For drug resistance detection – phenotypic, culture-based (i.e., testing the capability of bacteria to survive in the presence of anti TB drugs) and molecular-based (detection of genetic mutations in the bacteria that bestow drug resistance) methods are used.

In children the diagnosis of TB is difficult as currently only Xpert MTB/RIF assay is commonly available to assist with the diagnosis of pediatric TB.



LTBI treatment regimens as suggested by the WHO include 6–9 months of isoniazid, 3 months of rifapentine plus isoniazid, 3–4 months of isoniazid plus rifampicin or 3–4 months of rifampicin alone145.  All regimens are known to be efficacious [WHO, 2014; Getahun H et al., 2015], but patient obedience can be poor with the longer regimens [Landry J et al., 2008].

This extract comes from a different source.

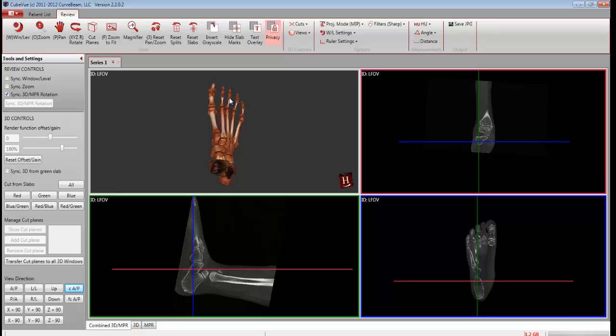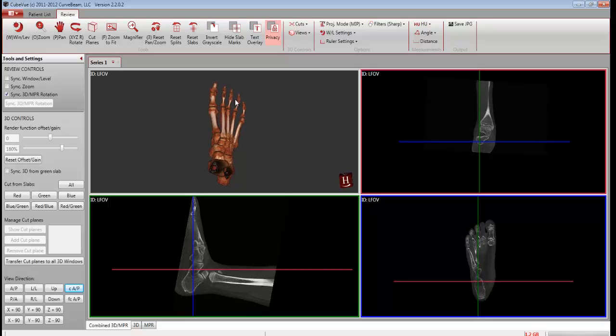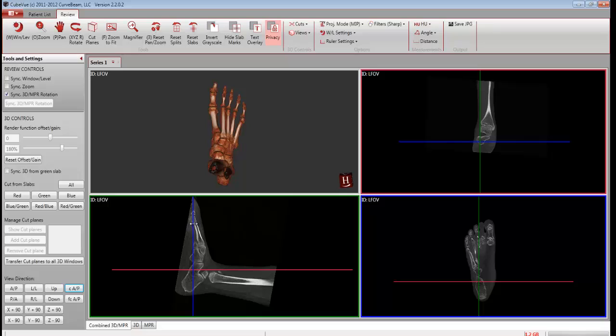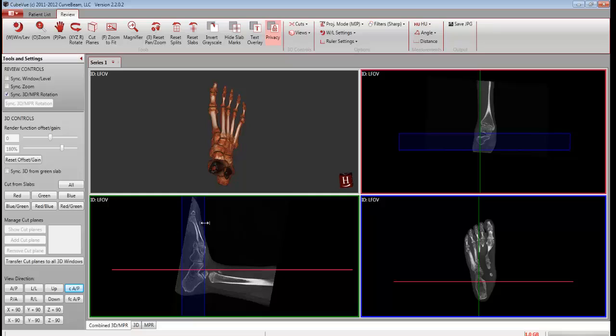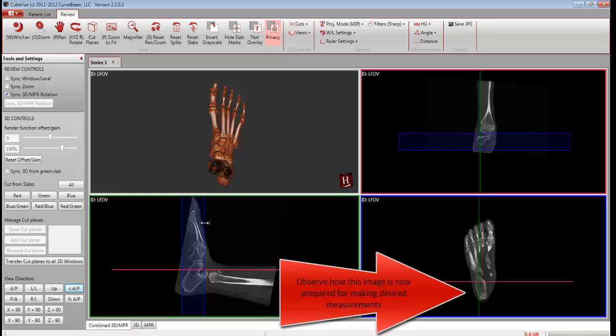Next, increase the slab thickness to encompass the height of the metatarsals. Do this by holding down the Shift key and double clicking. This will enable the cursor for slab thickness adjustment. Once the cursor is enabled, drag the blue line to your right to expand the slab.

Active drug-sensitive TB disease

For active drug-sensitive TB disease: a minimum of 6 months of therapy with rifampicin, isoniazid, pyrazinamide and ethambutol during the first 2 months (the intensive phase of treatment), followed by isoniazid and rifampicin for 4 months (the continuation phase) [WHO, 2010; Nahid P et al., 206].  The effectiveness of the treatment is usually supervised by testing for repeat sputum smears, cultures and chest X rays.

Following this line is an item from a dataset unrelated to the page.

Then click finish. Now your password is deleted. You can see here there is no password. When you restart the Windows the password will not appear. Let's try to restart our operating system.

  • TB education is necessary for people across the globe.
  • Identifying and treating the individuals with TB so as to prevent the transmission from an affected individual to a healthy individual.
  • Preventing active TB development in the individuals with latent TB.
  • Pasteurization of milk to prevent bovine TB.
  • The vaccine Bacillus Calmette-Guerin (BCG) has shown to provide protection in children against disseminated forms of TB.  Although it has been ineffective in adults against pulmonary TB.
  • Doctors and other health care workers, who provide care for patients with TB, must follow infection control procedures to ensure that TB infection is not passed from one person to another.